Douglas O Escrivani, Sebastian Hutchinson, Michele Tinti, Jane E Wright, Catarina A Marques, Joana R C Faria, Anna Trenaman, David Horn
Nucleic Acids Research, Volume 53, Issue 19, 28 October 2025, gkaf1011
Abstract
Bloodstream-form African trypanosomes display antigenic variation. This requires mono-telomeric but switchable expression of a Variant Surface Glycoprotein (VSG) gene in a transcription and splicing compartment that is inter-chromosomally bridged by VSG exclusion factors 1 and 2 (VEX1-2). The dominant gene produces 10 000 times more transcript than excluded VSGs.
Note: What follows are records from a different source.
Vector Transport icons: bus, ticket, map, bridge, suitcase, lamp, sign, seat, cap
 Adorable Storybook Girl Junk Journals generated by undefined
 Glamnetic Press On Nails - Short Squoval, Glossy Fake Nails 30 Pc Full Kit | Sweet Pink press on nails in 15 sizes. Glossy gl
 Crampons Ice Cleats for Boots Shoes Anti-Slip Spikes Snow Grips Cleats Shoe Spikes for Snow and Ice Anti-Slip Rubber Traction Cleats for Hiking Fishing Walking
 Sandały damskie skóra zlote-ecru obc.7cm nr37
Additional chromatin and RNA-associated factors are required to maintain VSG exclusion, but our understanding of the mechanisms involved remains incomplete. Here, we show that the VSG transcript impacts allelic competition. We induced either specific translation blockade by recruiting MS2 coat protein to the active VSG 5′-untranslated region, or VSG transcript depletion using RNA interference. Neither perturbation substantially compromised exclusion of native VSGs. In contrast, a VSG transgene escaped exclusion specifically when the native transcript was transiently depleted. While both perturbations blocked cytokinesis, DNA replication and mitosis continued when the transcript, which is stabilized by a cyclin-like F-box protein, was translationally blocked. The proportion of nuclei with a second VEX2 focus was significantly increased in cells with a second active VSG. We conclude that the VSG transcript is a bifunctional coding and non-coding RNA that participates in allelic competition to establish exclusion, a form of RNA-mediated symmetry breaking that also remodels nuclear architecture.